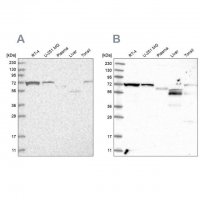 Anti-SLC25A12 antibody produced in rabbit 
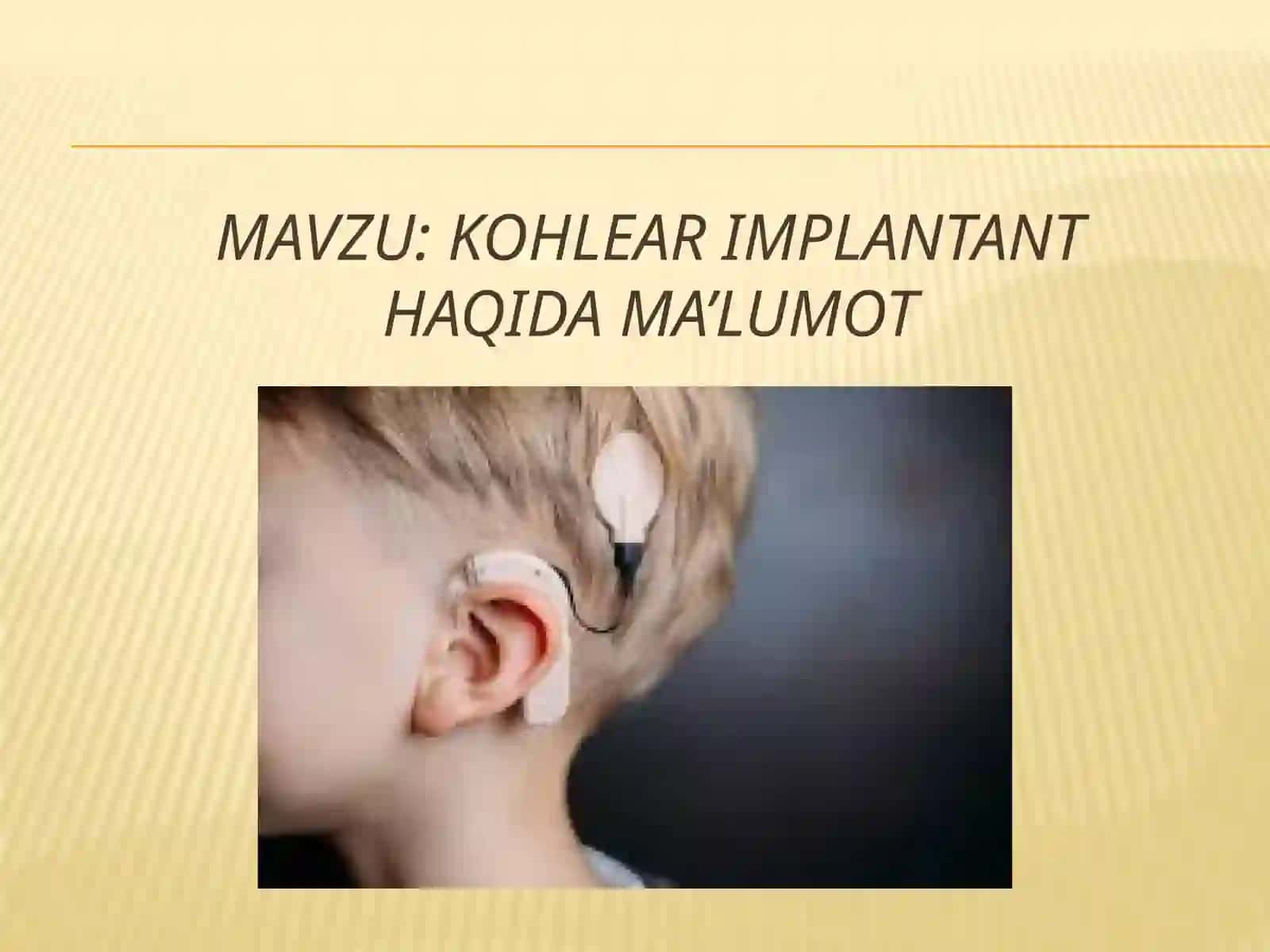 Kohlear implantant haqida ma’lumot 2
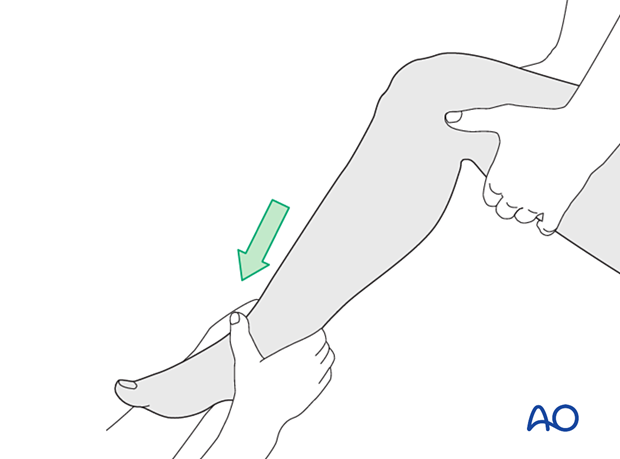 42_P060_i020 uniplanar external fixator, Reduction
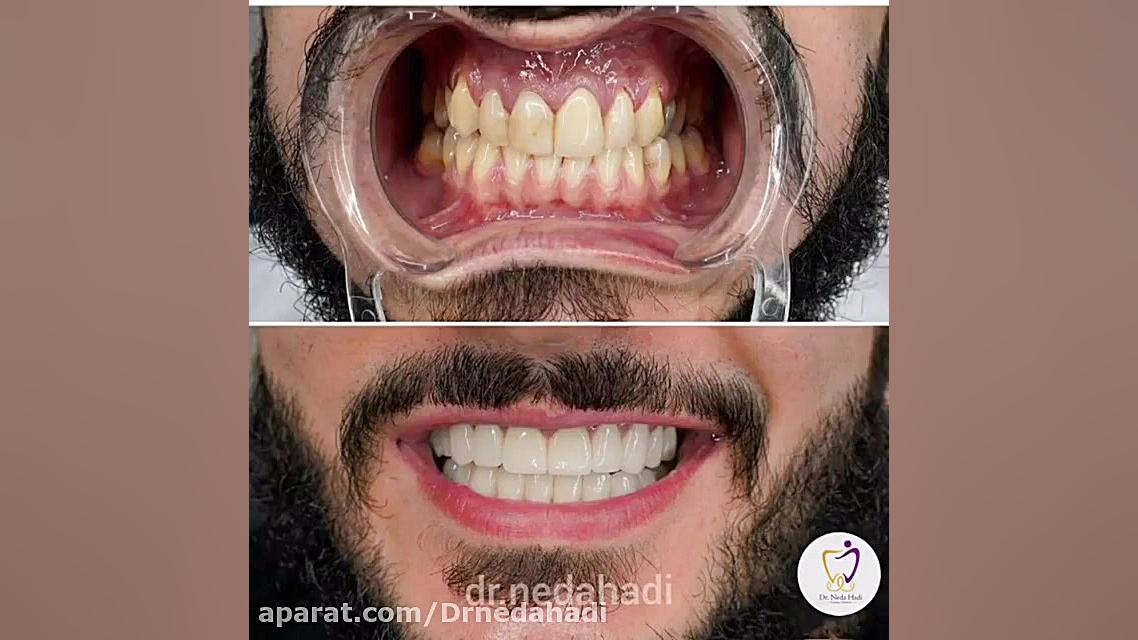 انجام خدمات زیبایی دندان برای مراجعه کننده عزیز دکتر ندا هادی-دندانپزشک زیبایی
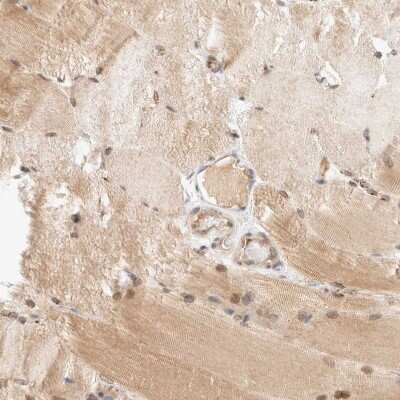 Immunohistochemistry-Paraffin: GCN1L1 Antibody [NBP1-83381]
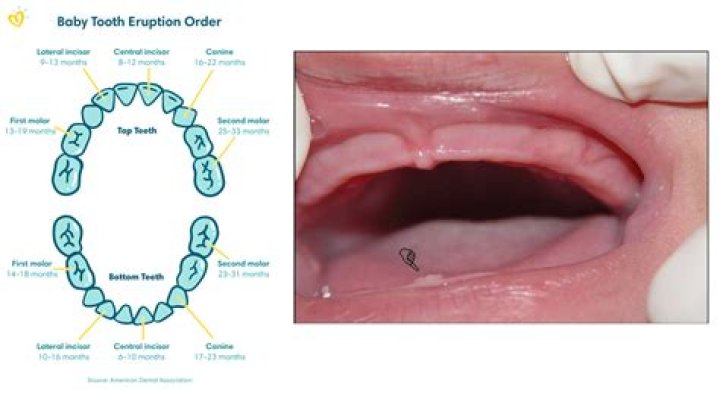 Can you put a baby tooth back in?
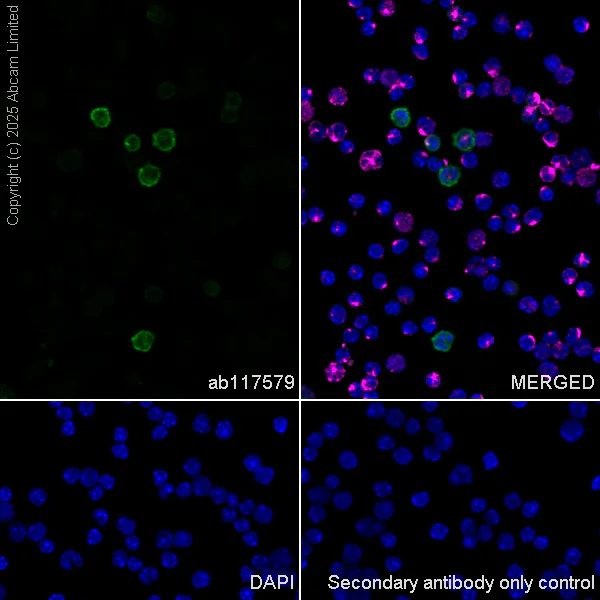 Immunocytochemistry/ Immunofluorescence - Alexa Fluor® 594 Anti-beta Tubulin antibody [EPR16774] - Microtubule Marker (AB206369)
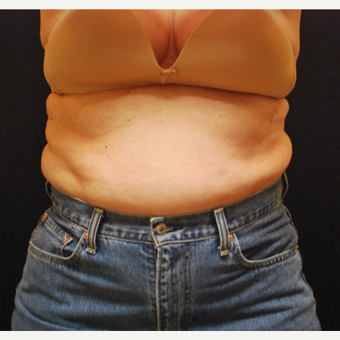 45-54 year old woman treated with Vanquish ME before 3500346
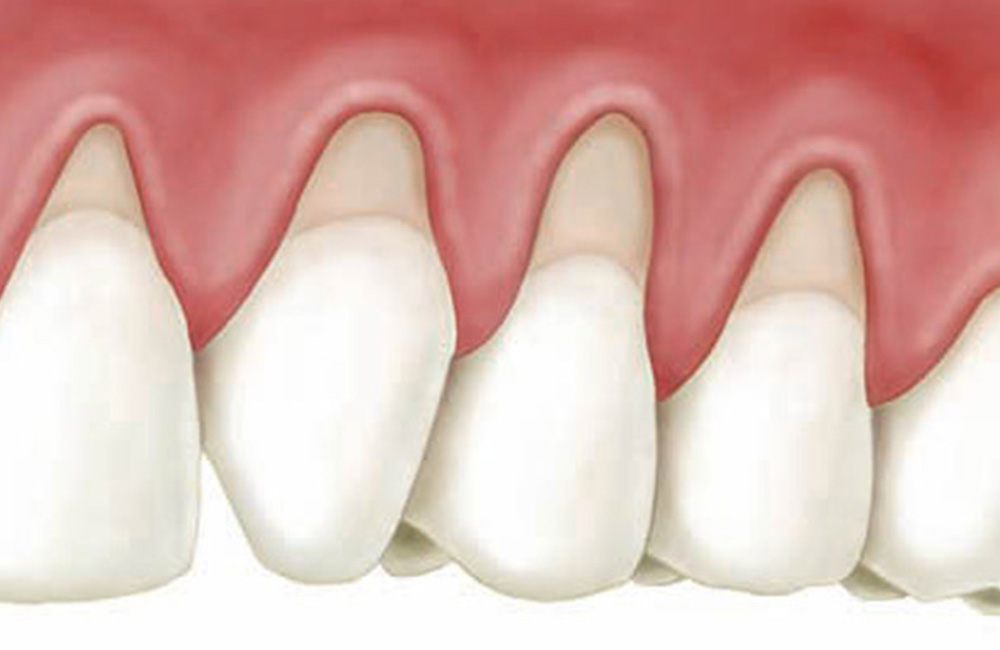 Malattie gengivali, Studio Dentistico Dott. Luca Lancieri. Specialista in odontostomatologia, protesi dentale, implantologia e parodontologia, Genova
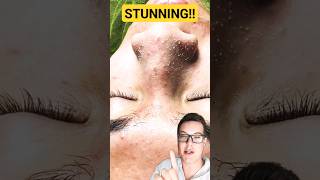 ULTIMATE PORE STRIP REMOVAL  How To Prep Skin For Pore Strips shorts [upl. by Dranek]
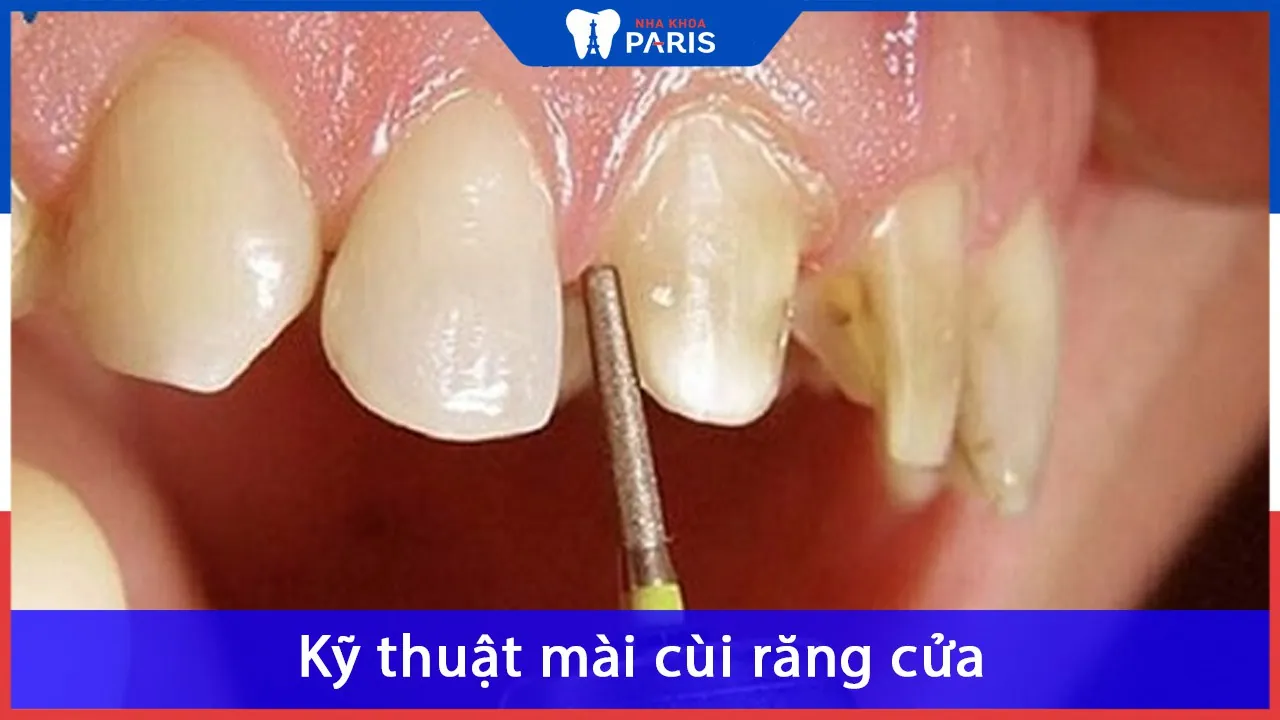 Mài cùi răng gì? có ảnh hưởng gì không? các bước mài cùi răng
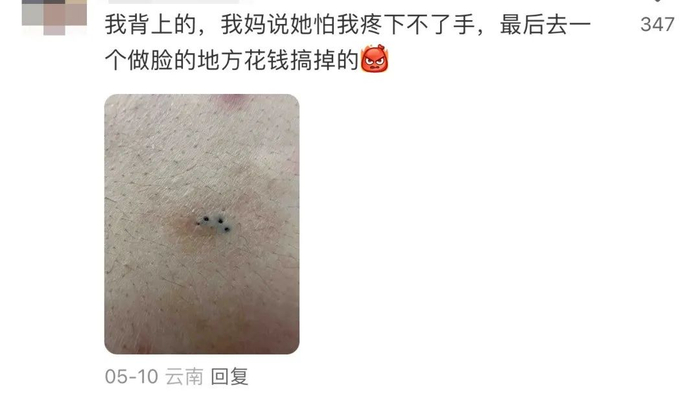 图片来源：小🍠网友评论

····················

**Exercise**. Starting at the top of the listing above, please restate word for word each line up to and including the one that holds "45-54 year old", omitting every image.

**Answer for the task**.
 Anti-SLC25A12 antibody produced in rabbit 
 Kohlear implantant haqida ma’lumot 2
 42_P060_i020 uniplanar external fixator, Reduction
 انجام خدمات زیبایی دندان برای مراجعه کننده عزیز دکتر ندا هادی-دندانپزشک زیبایی
 Immunohistochemistry-Paraffin: GCN1L1 Antibody [NBP1-83381]
 Can you put a baby tooth back in?
 Immunocytochemistry/ Immunofluorescence - Alexa Fluor® 594 Anti-beta Tubulin antibody [EPR16774] - Microtubule Marker (AB206369)
 45-54 year old woman treated with Vanquish ME before 3500346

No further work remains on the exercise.